Chiefs’ playoff prospects are surprising, but hold your skepticism
By SAM MELLINGER
The Kansas City Star

The Chiefs are the division leaders, in control of their playoff future, and that’s still a bit hard to believe, right?

Five months ago this week, they began training camp — such a long time ago, when much of Kansas City thought Matt Cassel was to be a dud, that Dwayne Bowe should be cut and that Derrick Johnson would never be more than an OK player.

Virtually nothing is the same now. It can’t be, and maybe that’s why this success is a difficult thing to trust. It’s one thing to make the playoffs as a result of an easy schedule and lucky breaks, but quite a different thing to be a legitimate playoff team, and not to go all Jim Mora, but PLAYOFFS!!?!!?

The Chiefs were just trying to find their way out of the NFL’s punch lines.

Now, they’re the betting line pick to be AFC West champions and are a five-point favorite today to win their 10th game of the year. There’s symbolism in knowing that would match the Chiefs’ win total for the last three seasons combined.

We’re used to having our sports hopes kicked in this town — the kicker that shall go unnamedt taught us well — so getting used to a world in which the Chiefs are headed to the playoffs in large part because Cassel is assembly-line efficient feels a little backward.

The Chiefs don’t want any part of this, of course — at least, not publicly. They’ve banned the word “playoffs,” and coach Todd Haley and general manager Scott Pioli collectively refuse to even call this a “good” team.

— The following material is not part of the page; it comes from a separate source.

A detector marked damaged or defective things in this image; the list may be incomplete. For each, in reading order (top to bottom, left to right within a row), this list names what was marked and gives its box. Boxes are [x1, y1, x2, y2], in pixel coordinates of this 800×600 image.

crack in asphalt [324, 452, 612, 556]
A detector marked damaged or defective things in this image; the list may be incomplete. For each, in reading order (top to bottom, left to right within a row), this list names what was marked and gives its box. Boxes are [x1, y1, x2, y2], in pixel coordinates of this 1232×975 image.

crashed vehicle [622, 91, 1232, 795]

Skepticism is all around us, muscle memory telling us the local football team still isn’t good. But, increasingly, we’re seeing reason to believe the following words:

The Chiefs are a legitimate playoff team.

• • •

There is any number of ways to do this, but start on the surface. Don’t playoff teams have good coaching? Haley will be on the short list of coach-of-the-year candidates, and his coordinators teamed for three Super Bowl championships in New England.

Don’t playoff teams take care of the ball? The Chiefs have just 10 turnovers, fewer than all but the Patriots.

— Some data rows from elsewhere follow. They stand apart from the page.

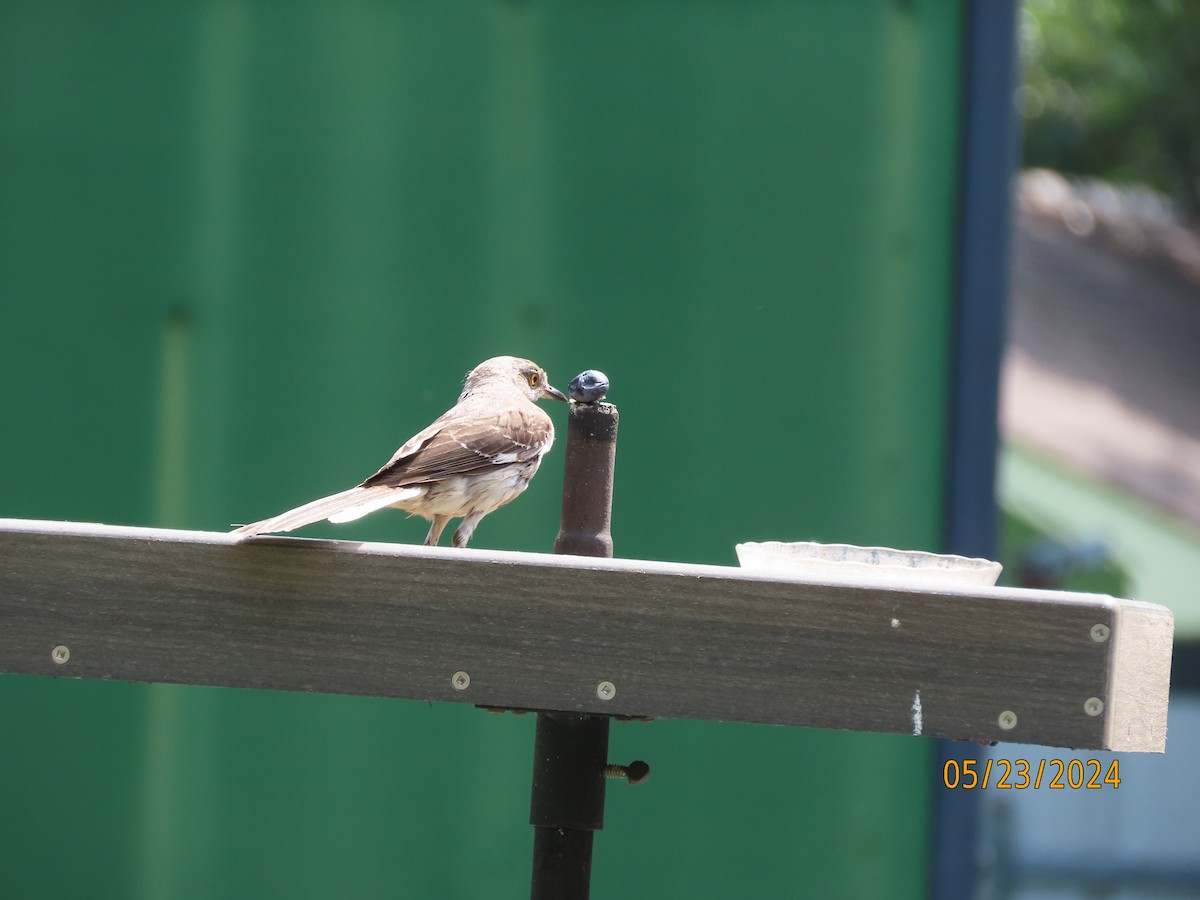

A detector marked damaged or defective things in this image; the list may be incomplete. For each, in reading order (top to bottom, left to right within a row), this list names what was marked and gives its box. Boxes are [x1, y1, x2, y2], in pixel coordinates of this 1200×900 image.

rusty metal pole [528, 393, 619, 900]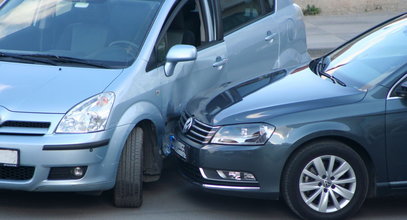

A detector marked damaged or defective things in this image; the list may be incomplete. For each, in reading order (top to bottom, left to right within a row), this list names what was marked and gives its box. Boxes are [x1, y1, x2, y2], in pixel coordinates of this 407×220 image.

crumpled hood [0, 62, 122, 113]
crumpled hood [187, 68, 366, 125]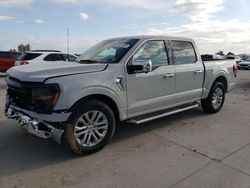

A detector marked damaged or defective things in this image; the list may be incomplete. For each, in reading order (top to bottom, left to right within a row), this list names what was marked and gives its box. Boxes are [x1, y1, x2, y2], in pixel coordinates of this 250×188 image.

crumpled front bumper [4, 106, 70, 144]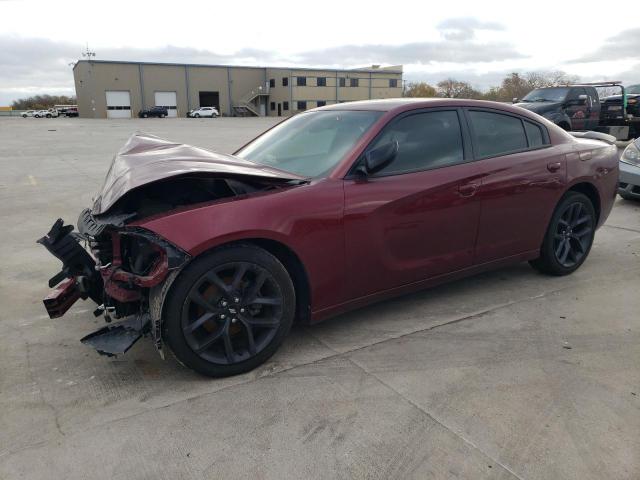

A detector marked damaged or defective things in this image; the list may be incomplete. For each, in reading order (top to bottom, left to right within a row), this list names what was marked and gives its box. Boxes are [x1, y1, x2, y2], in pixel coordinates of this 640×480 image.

crumpled hood [92, 131, 308, 214]
damaged front end [38, 213, 190, 356]
detached bumper piece [79, 316, 149, 356]
damaged front end [37, 133, 308, 358]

And don’t playoff teams run the ball and stop the run? The Chiefs have the NFL’s best rushing offense and, entering this week, no other team had outrushed its opponents by more yards.

This goes deeper, too. Brian Billick won a Super Bowl as a coach in Baltimore and says the most consistent separator of playoff teams and playoff spectators is a combined ratio of turnovers and plays of 20 yards or more. Most years, nine or 10 of the 12 playoff teams will be in the NFL’s top half.

The Chiefs are plus-10 in turnovers and plus-six in “explosive plays,” and that plus-16 combined ratio is sixth in the league. Only the Steelers, Eagles, Chargers, Giants and Patriots are better.

“Those numbers alone,” Billick says, “tell you this is a playoff team. They’re playing smart football.”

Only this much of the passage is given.